Apart from this, we do face financial and infrastructure obstacles as well. 

4. How do you manage to teach different subjects to your students? Do you have regular volunteers join you?

We did not have any teachers or volunteers when we started, so we started with creating an environment for self-learning. Once provided with resources, the kids grasp it so quickly because every child is intelligent and is so eager to learn. Adding to the self-learning, we had/have peers teaching the kids, and then older kids also help the younger lot. So more than teaching different subjects, we focus on helping the children learn. For example, we have been successful in helping the children learn many things from YouTube videos in subjects where we did not have much expertise or knowledge. The children have also learnt to play flute, mouth organ, making charcoal, crafts with bamboo, taking care of life stocks, gardening, etc. 

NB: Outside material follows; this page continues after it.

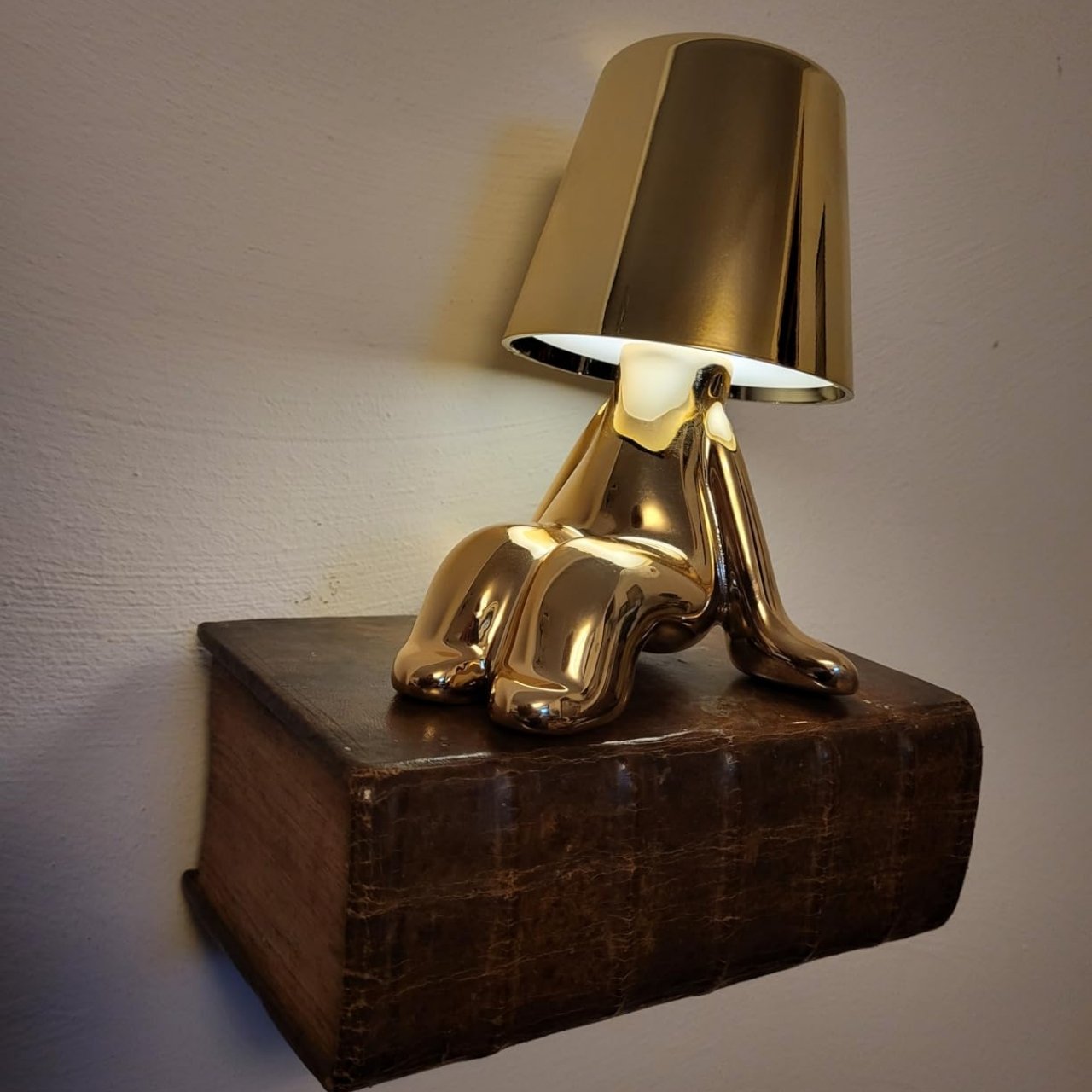 Invisio, neviditelná mini knihovna (1+1 ZDARMA ) - Image 6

We do have more teachers now who monitor and moderate children’s learning.

5. What is your dream and vision for them?

Our dream and vision are to strengthen them, enable them and make them well-grounded citizens with strong individual values. As they grow up, we want them to respect their and others’ background, culture, and roots. We want them to become micro-entrepreneurs & job creators and not job seekers. We hope when they grow up, they’ll help their parents and community at large.

6. How exposed and open are your students to technology? Talk about the Digital Divide we've in the education sector from your perspective. 

We have intentionally minimized the internet and technology usage in our home and schools with no access to cable TV. There are many reasons, of which, falling prey to wrong things due to technology with no proper guidance remains foremost. Second, we want them to experience the raw nature of the world, more hands-on learning with the environment and experience the beautiful world that God has created. It gives us happiness to see them enjoy the real world more than the virtual.

Having said that, we do not want to keep them alien to the world of technology as well. So, they do have a fixed computer time, where kids draw, paint and use the computer, we do show them a lot of “selected” YouTube videos, which will help them learn about current events (news). We also watch movies together, which inspire and motivate them in some way.